Gladys Gutiérrez, Presidenta del TSJ y chavista a pie juntillas como sus jueces pares, afirma recién y en presencia de Nicolás Maduro, cabeza del Poder Ejecutivo, que “la supremacía (suya) le autoriza a revisar los actos de todos los poderes”. El ucase emocionado de éste no se hace esperar.
¡Y es que el sentido de dicha colusión es atajar al titular del órgano representante de la soberanía popular, Henry Ramos Allup! La Asamblea y el mismo Maduro son órganos de elección popular directa y el resto de los poderes goza de soberanía derivada, según éste, a quien aquéllos no invitan al acto inaugural del Año Judicial.
Lo cierto es que los diputados opositores de mayoría hoy revisan la inconstitucional designación de los magistrados del Supremo Tribunal, designados por la última Asamblea Nacional que dirige el Teniente Diosdado Cabello, en sus postrimerías. Y la Gutiérrez, previo acuerdo con Maduro, sugiere que a los suyos no los tocan ni con el pétalo de una rosa.
Pero dejemos a un lado, por cierto, la inconstitucional aprobación, por anticipada y por enervar la lógica jurídica constitucional, del decreto de Emergencia Económica dictado por el Presidente y que la hace el TSJ antes de que lo repruebe el parlamento y aborte su judicialización. No hurguemos tampoco en lo elemental, pues el Supremo ejerce su supremacía para el control de los actos de los poderes públicos, es verdad, pero en tanto y en cuanto lo haga conforme a la misma Constitución y las leyes, no con fraude u obviando lo no controlable constitucionalmente, es decir, los “actos políticos privativos” del parlamento.
El asunto de fondo y preocupante, pues desborda lo formal, es que después de las elecciones del 6D y conocida la voluntad soberana determinante del pueblo venezolano, emerge en Venezuela una crisis cabal de constitucionalidad. No se trata de una crisis constitucional o de un mero choque entre poderes que amerite ser resuelto imparcial y constitucionalmente; si acaso fuere eso el TSJ, imparcial, que no lo que es, por ser un ministerio de escribanos al servicio del gobierno y de la revolución. En 17 años ningún ciudadano le ha ganado un pleito al Estado.

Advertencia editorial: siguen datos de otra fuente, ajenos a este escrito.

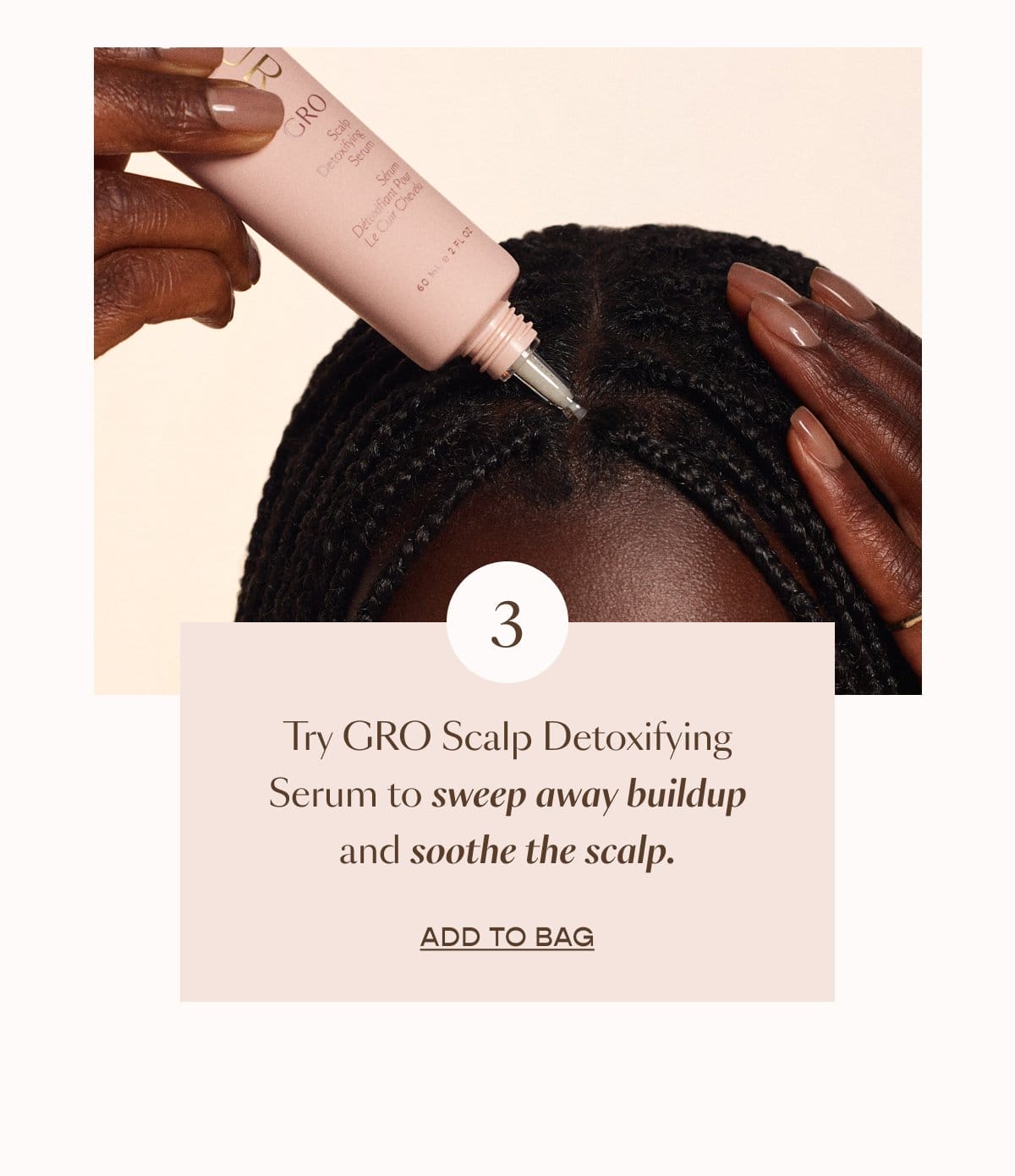 Try GRO Scalp Detoxifying Serum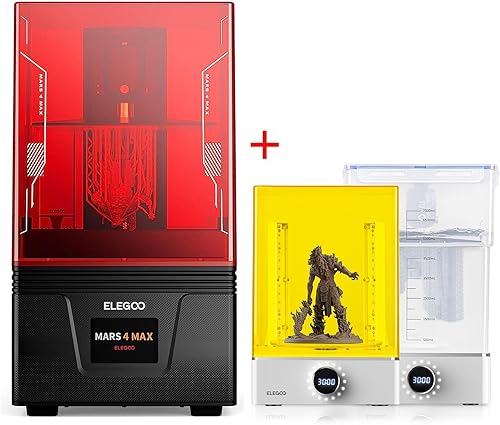 Miniatura 1 de ELEGOO Impresora 3D Mars 4 Max MSLA y paquete ELEGOO Mercury X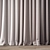 Elegant Curtain Design 3D model small image 2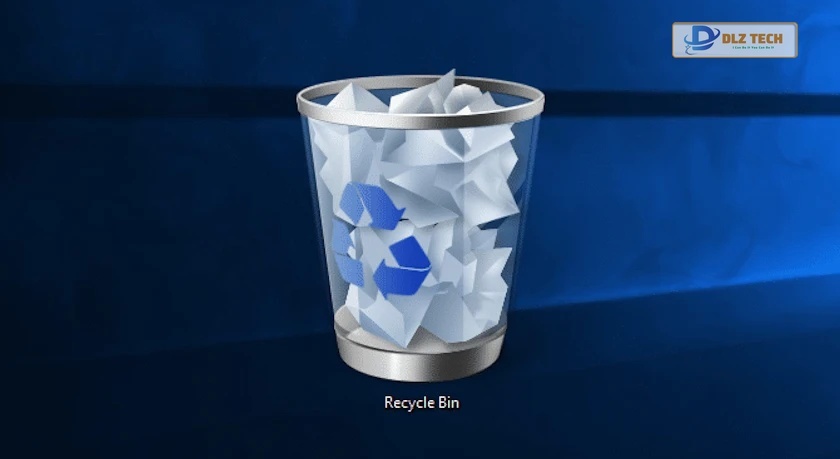 Dọn rác máy tính trong Recycle Bin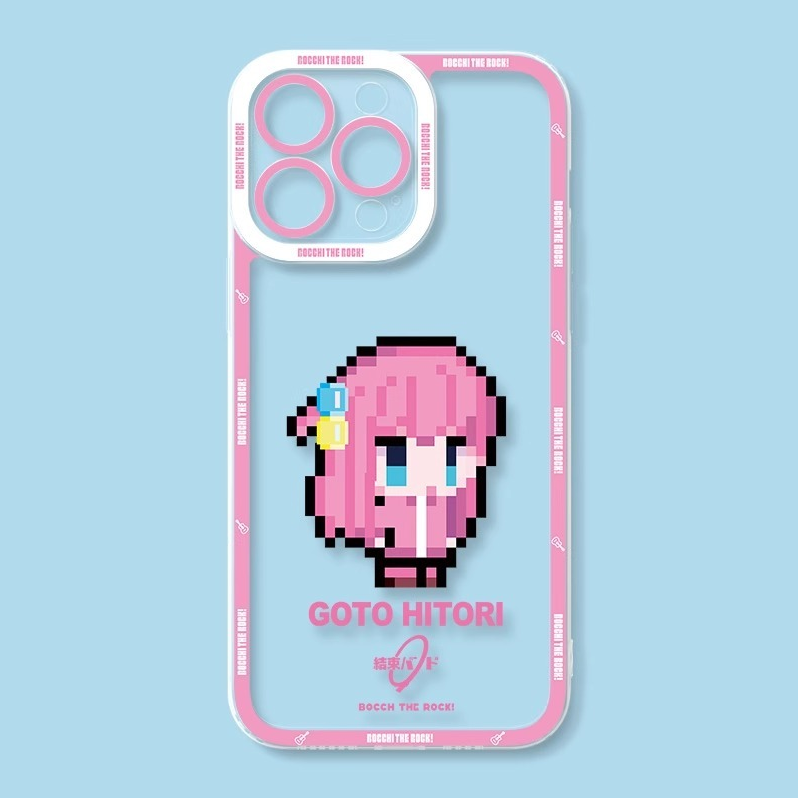 孤獨搖滾天使眼透明防摔軟殼-ZUIHANG SHOP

Lo vertebral y de apreciar es que la mayoría del país, hoy representada en la Asamblea y en sus diputados opositores electos, reza en el catecismo de la democracia, decantado por décadas y constante en la Carta Democrática Interamericana. Cree en el voto, en el Estado de Derecho, en la separación de los poderes, y en la primacía de la persona humana por sobre el Estado y como base de la interpretación constitucional.
Empero, quienes aún permanecen como titulares del resto de los poderes, profesan la “doctrina constitucional bolivariana”, forjada en los anaqueles de una parte de la escolástica medieval relativa al “origen divino del poder regio” y es fuente del despotismo y del “César democrático”, que amamantan los positivistas de la dictadura gomera.
El Libertador prosterna desde Cartagena la sujeción del gobernante al parlamento (1812); prédica desde Angostura (1819) el senado vitalicio y hereditario formado por las armas y no por los hombres de levita; y al término, con su creación boliviana del presidente vitalicio (1826) defiende su potestad para escoger a dedo a su sucesor, en la persona de su vicepresidente (Maduro dixit).
Como puede verse, el asunto no es estético o iconográfico. La cuestión es raizal.
Al escribir mi Revisión Crítica de la Constitución Bolivariana (1999), Roberto Viciano Pastor, profesor que desde Valencia, España, forma y prohíja a los líderes de Podemos y evalúa el proyecto constitucional chavista (a pedido de Isaías Rodríguez), dice acerca de mi texto que prioriza “valores desde la que, desde luego, no es espejo fiel la nueva Constitución”, a saber los del Estado liberal de Derecho o del Estado social y democrático de Derecho.
En el mismo orden, al apenas entrar en vigencia, el magistrado supremo J.M. Delgado Ocanto, advierte que la Constitución ha de interpretarse a la luz y conforme a su teoría política subyacente, es decir, como lo confirma luego el actual magistrado F. Vegas Torrealba, la defensa y el sostenimiento del chavismo y su Socialismo del siglo XXI.
Hay, por lo visto, una crisis de constitucionalidad. Dos narrativas constitucionales antagonizan y se excluyen. La democrática que pide medios legítimos para los fines legítimos y sirve a los derechos de la persona humana, y la despótica – al mejor estilo marxista y/o fascista – que sirve al gobernante y a cuyo tenor el fin justifica los medios.
Habiendo renunciado Fernando VII, la soberanía es reivindicada por el pueblo, dicen nuestros Padres fundadores, los del 19 de abril de 1810 y del 21 de diciembre de 1811.